Vencanna Ventures Announces Significant Investment in, and the Execution of a Letter of Intent with, The Cannavative Group LLC – PRNewswire

CALGARY, AB, March 12, 2021 /PRNewswire/ – Top Strike Resources Corp. d.b.a. “Vencanna Ventures” (the “Corporation” or “Vencanna“) (CSE: VENI) (OTCQB: TPPRF) announces that it has entered into a loan agreement dated March 11, 2021 with The Cannavative Group LLC (“Cannavative“), a leading premium cannabis brand in the state of Nevada, whereby Vencanna will loan Cannavative US$2.0 million for facility expansion and general working capital purposes (the “Loan“).

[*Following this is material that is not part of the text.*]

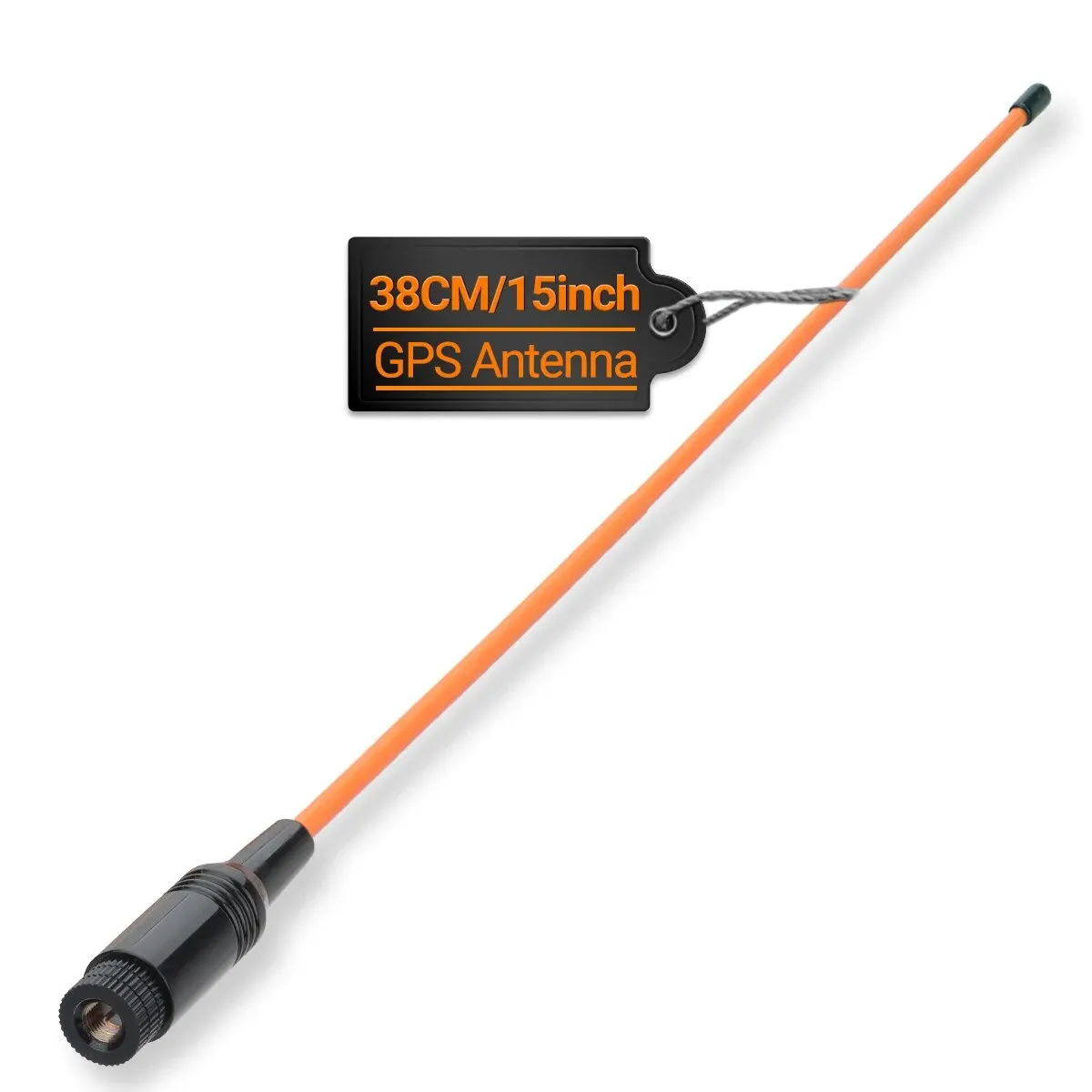 GPS-771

Vencanna is also pleased to announce that it has entered into an exclusive non-binding letter of intent with Cannavative dated January 25, 2021 (the “LOI“), pursuant to which Vencanna will acquire all of the common shares in the capital of Cannavative in an all share exchange through the issuance of an aggregate of 360,000,000 common shares of Vencanna (“Vencanna Shares“) at a deemed issuance price of US$0.05 per Vencanna Share (the “Transaction“).  The Transaction will be completed pursuant to a share purchase, take-over bid, or other similar structure or statutory procedure under the laws of Nevada.  The Transaction is subject to, among other things, the execution of a definitive agreement between Vencanna and Cannavative (the “Definitive Agreement“) and customary closing conditions. The Transaction is expected to constitute a “Fundamental Change” pursuant to the policies of the Canadian Securities Exchange (the “CSE“) and is subject to the acceptance of the CSE and the approval of shareholders of Vencanna. Shareholders holding not less than 50% plus one Vencanna Share of the issued and outstanding Vencanna Shares will approve the Transaction by way of written resolution.

It is anticipated that the Definitive Agreement will be executed as expeditiously as possible, and the Transaction is expected to be completed in the summer of 2021. Pursuant to the LOI, Cannavative has agreed to deal exclusively with Vencanna with regard to the Transaction.